§ **TASK REQUIREMENTS**: Print, word for word, only the lines from the one with "Chanel sunglasses MINT" down to the last line of the listing below; no pictures.

◆ ◆ ◆ ◆

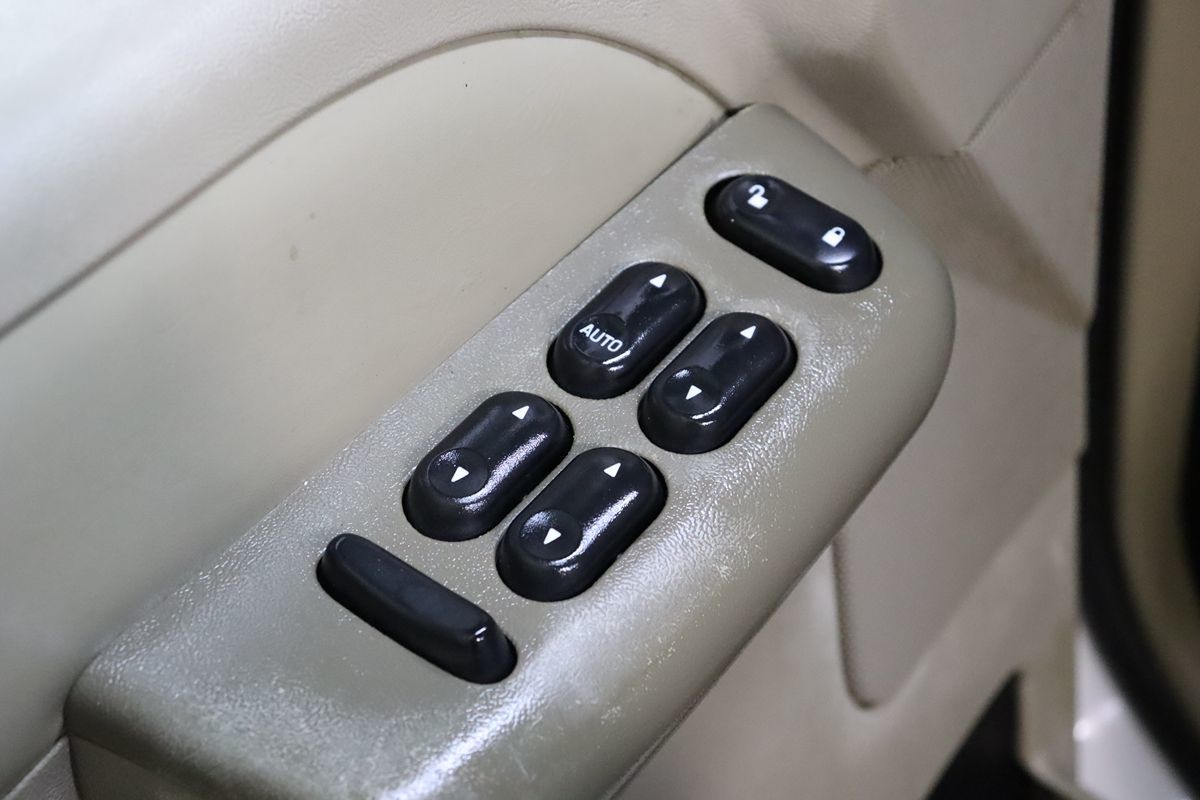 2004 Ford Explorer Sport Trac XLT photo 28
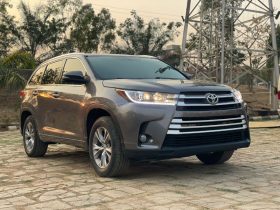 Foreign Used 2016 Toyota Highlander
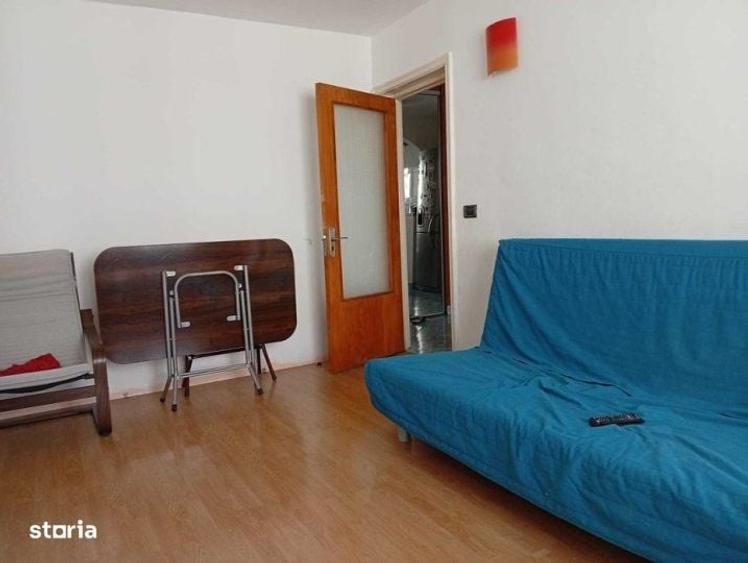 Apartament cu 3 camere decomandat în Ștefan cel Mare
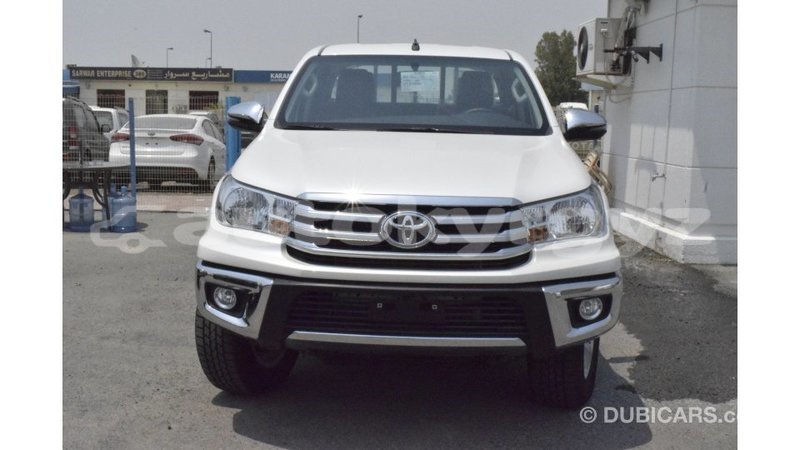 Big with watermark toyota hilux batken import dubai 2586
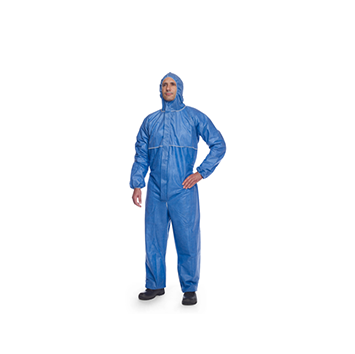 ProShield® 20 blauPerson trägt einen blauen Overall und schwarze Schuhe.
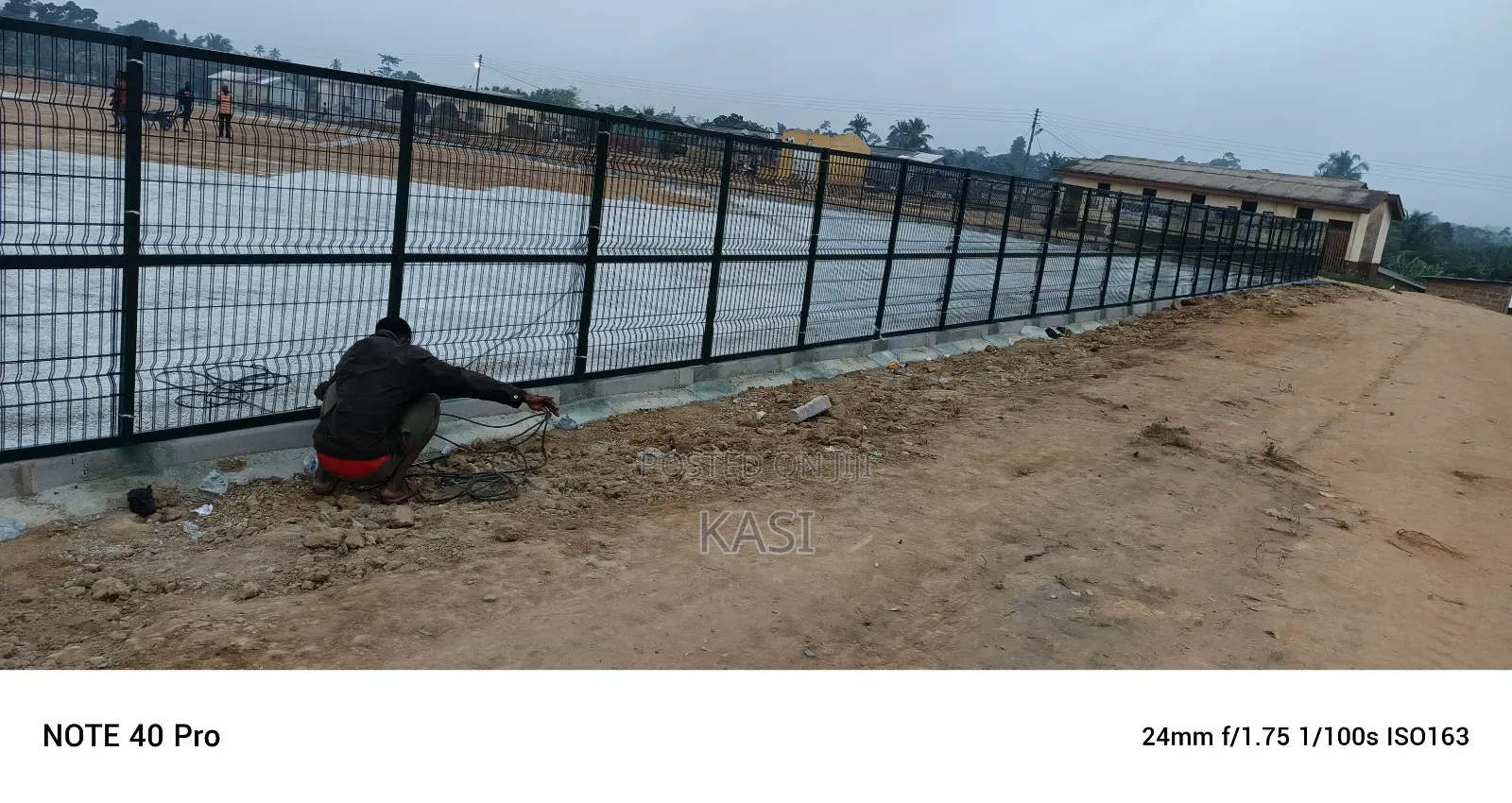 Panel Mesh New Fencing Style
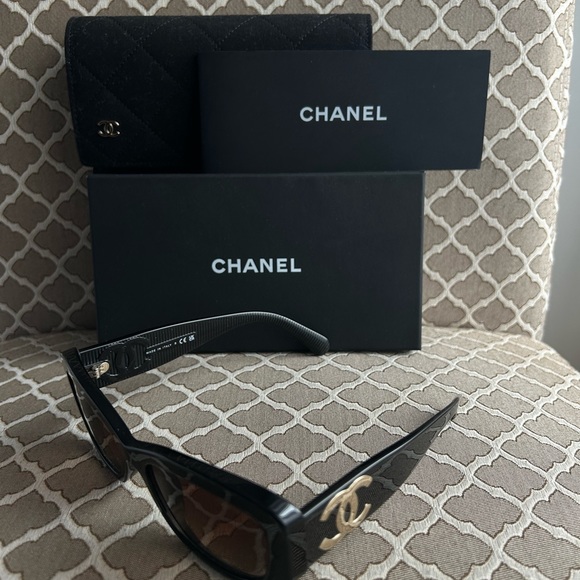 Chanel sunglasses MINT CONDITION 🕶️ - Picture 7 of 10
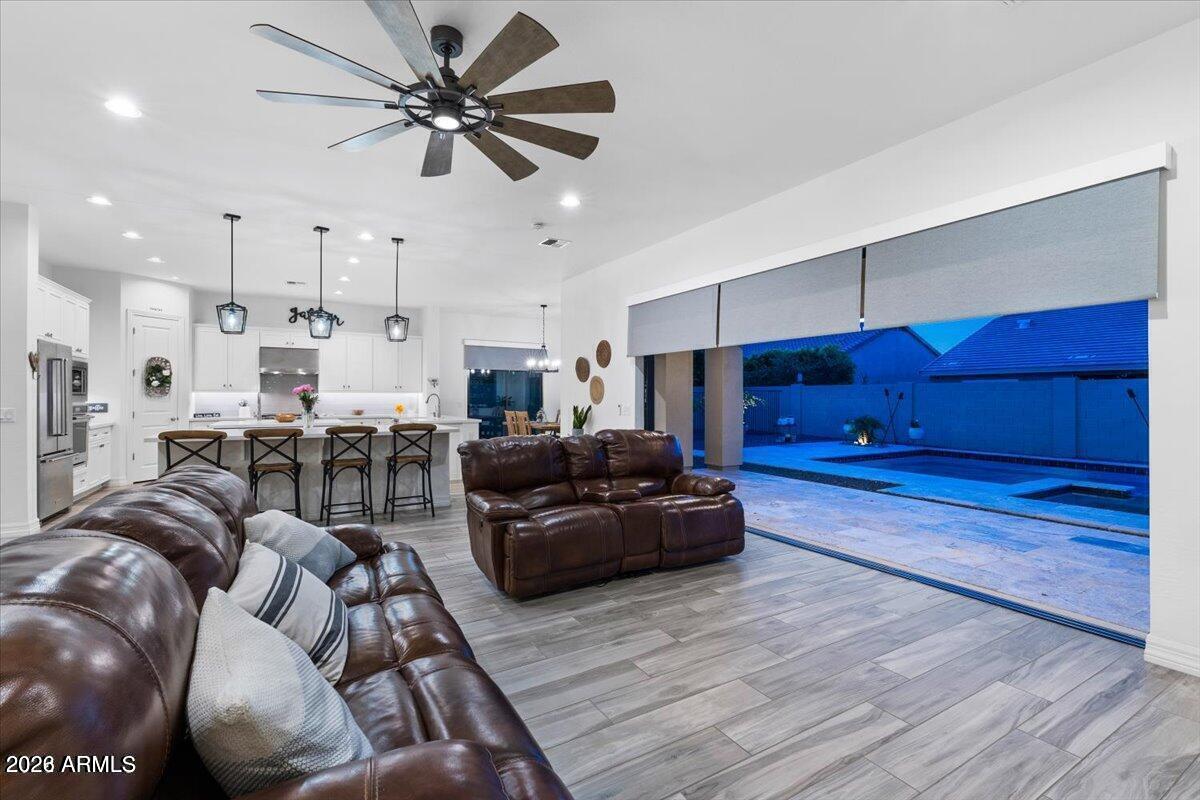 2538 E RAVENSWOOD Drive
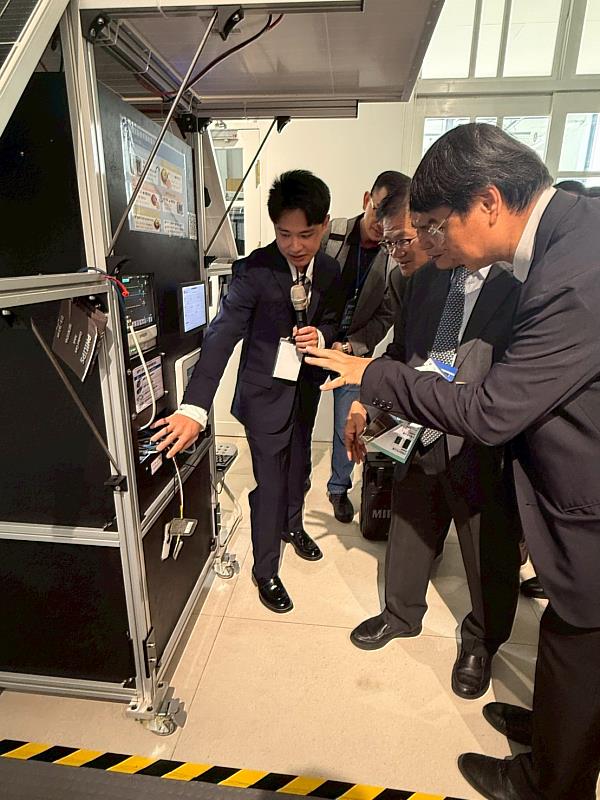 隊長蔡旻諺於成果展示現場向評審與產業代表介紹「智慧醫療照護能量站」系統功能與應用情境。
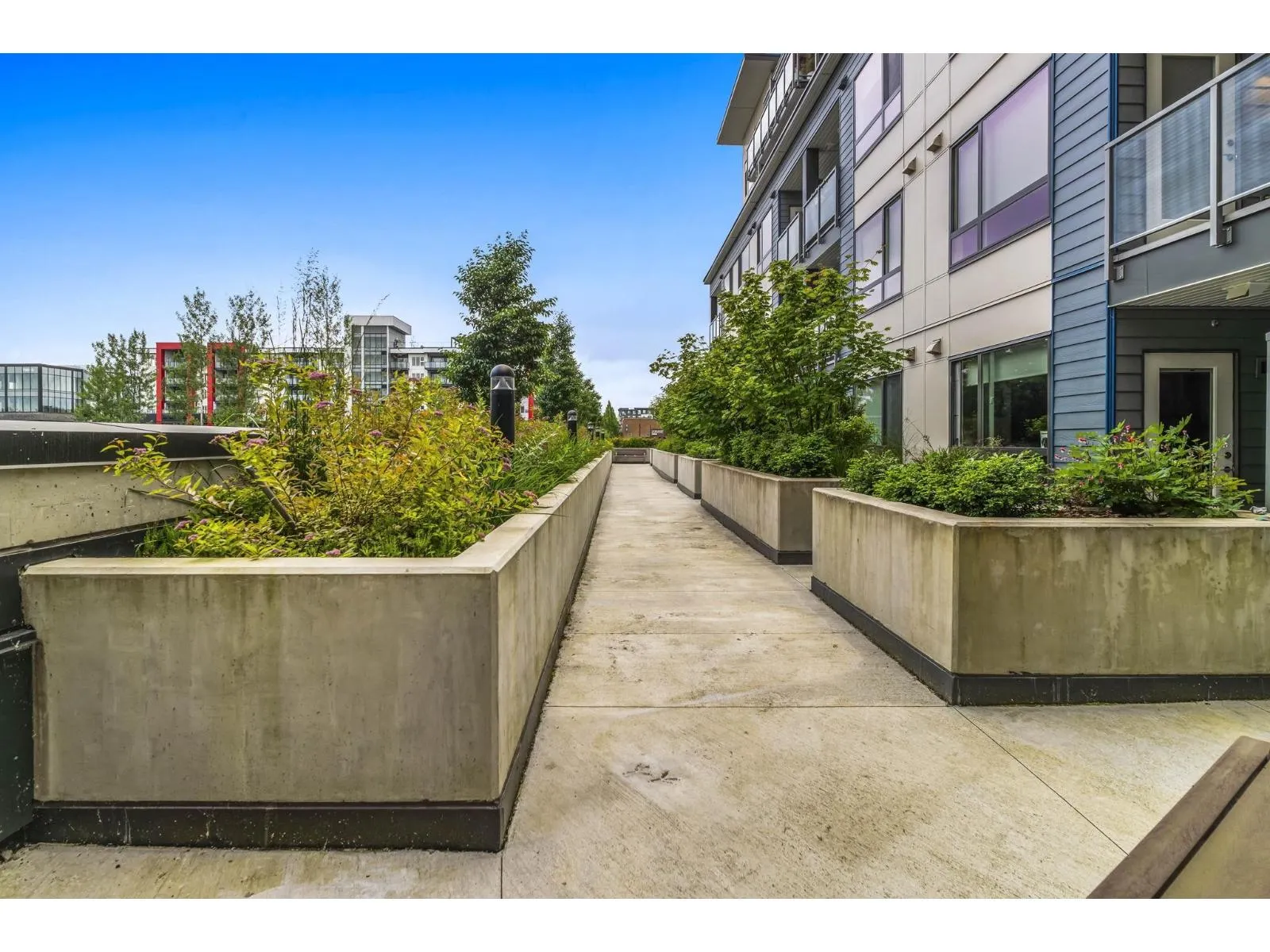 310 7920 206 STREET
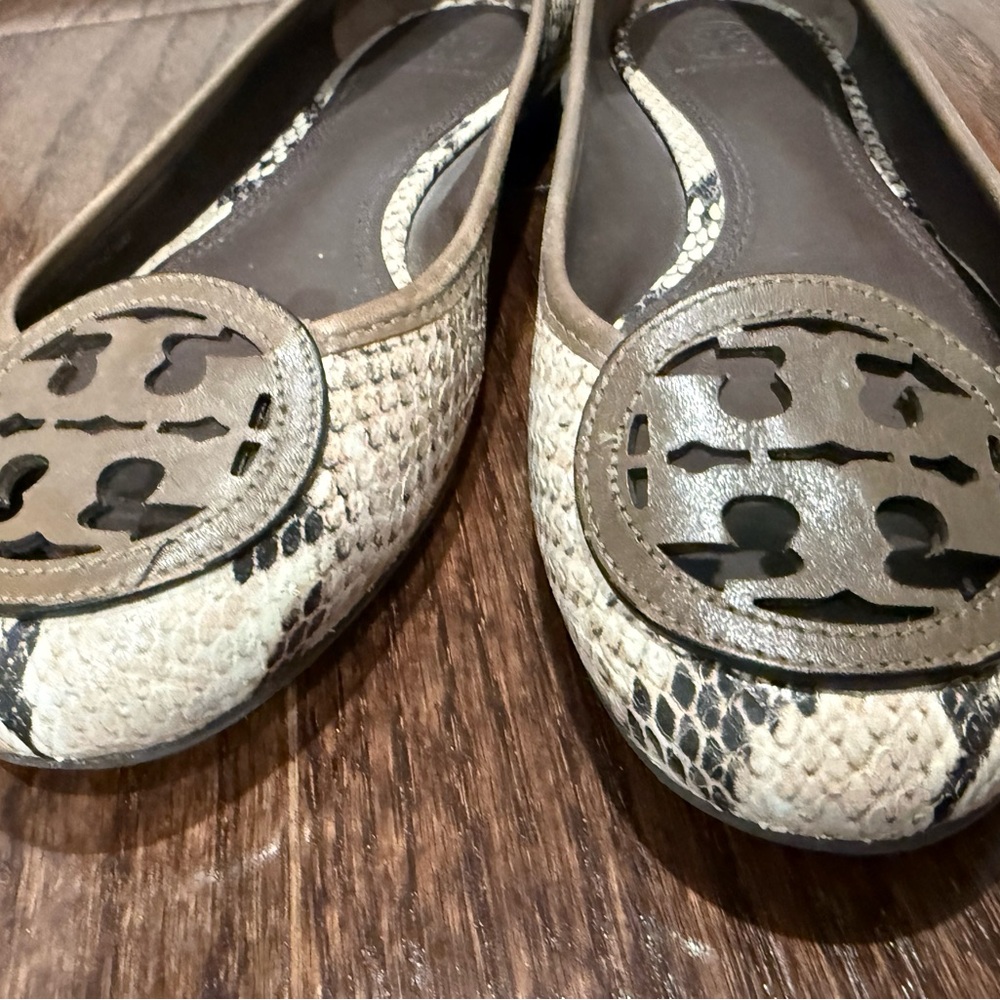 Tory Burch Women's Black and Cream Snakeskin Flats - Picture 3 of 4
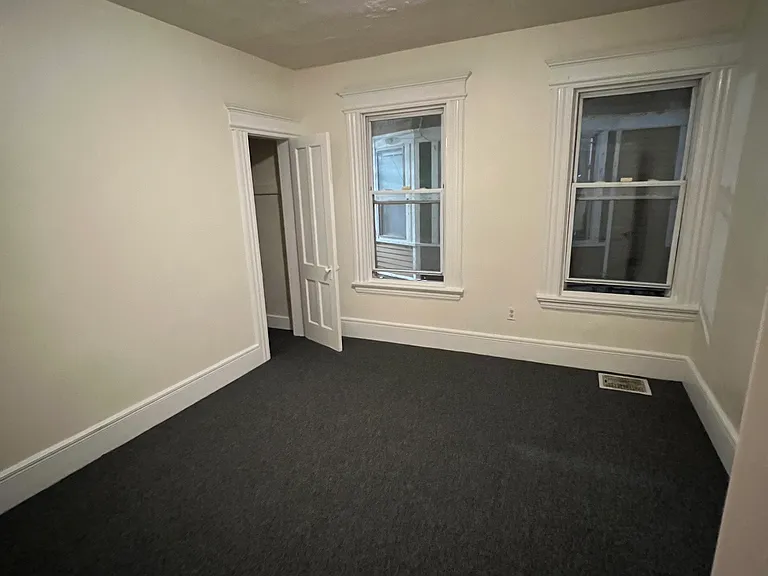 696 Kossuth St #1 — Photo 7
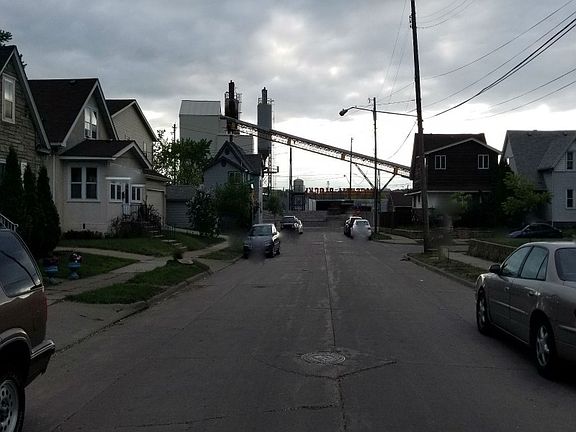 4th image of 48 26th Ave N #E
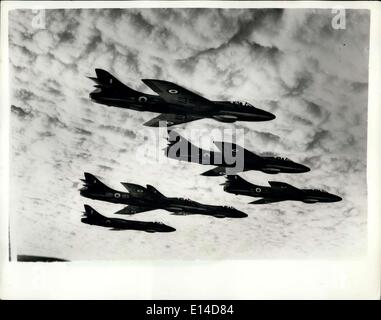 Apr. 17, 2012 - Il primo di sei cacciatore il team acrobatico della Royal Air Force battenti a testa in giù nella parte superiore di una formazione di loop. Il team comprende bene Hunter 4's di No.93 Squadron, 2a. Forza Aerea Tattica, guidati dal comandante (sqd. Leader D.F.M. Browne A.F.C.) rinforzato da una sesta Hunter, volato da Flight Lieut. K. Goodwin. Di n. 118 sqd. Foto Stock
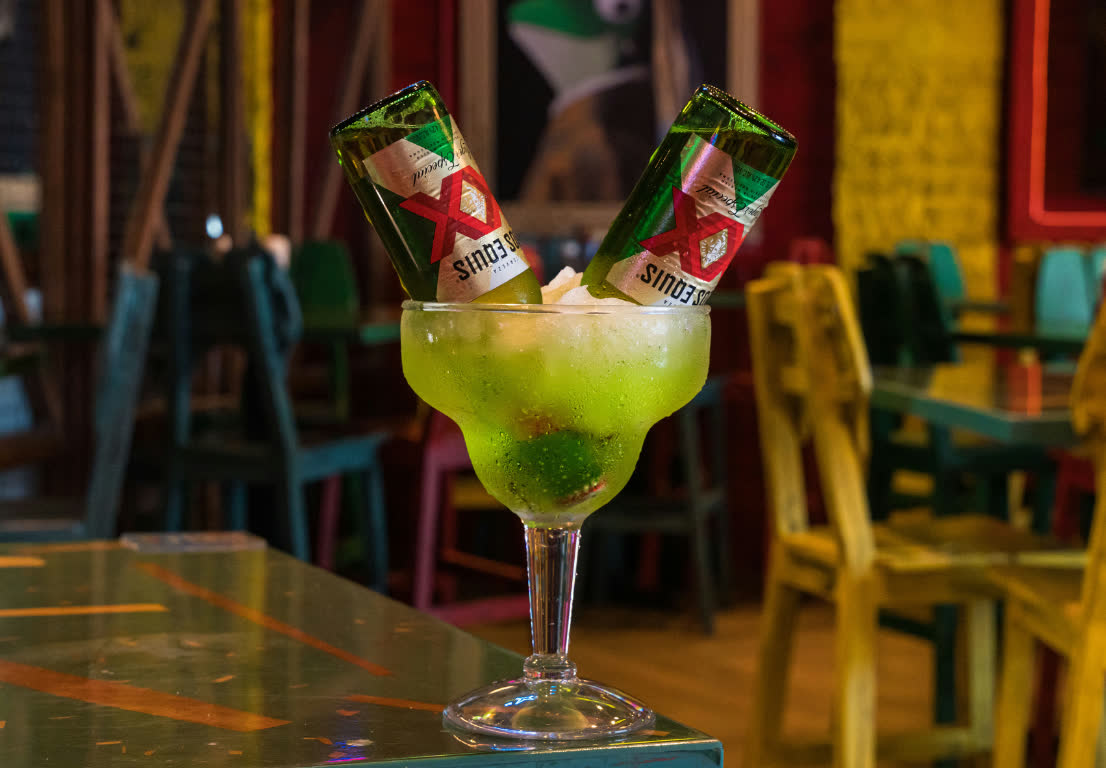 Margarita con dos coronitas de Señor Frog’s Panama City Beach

◆ ◆ ◆ ◆

§ **ANSWER SPACE**:
 Chanel sunglasses MINT CONDITION 🕶️ - Picture 7 of 10
 2538 E RAVENSWOOD Drive
 隊長蔡旻諺於成果展示現場向評審與產業代表介紹「智慧醫療照護能量站」系統功能與應用情境。
 310 7920 206 STREET
 Tory Burch Women's Black and Cream Snakeskin Flats - Picture 3 of 4
 696 Kossuth St #1 — Photo 7
 4th image of 48 26th Ave N #E
 Apr. 17, 2012 - Il primo di sei cacciatore il team acrobatico della Royal Air Force battenti a testa in giù nella parte superiore di una formazione di loop. Il team comprende bene Hunter 4's di No.93 Squadron, 2a. Forza Aerea Tattica, guidati dal comandante (sqd. Leader D.F.M. Browne A.F.C.) rinforzato da una sesta Hunter, volato da Flight Lieut. K. Goodwin. Di n. 118 sqd. Foto Stock
 Margarita con dos coronitas de Señor Frog’s Panama City Beach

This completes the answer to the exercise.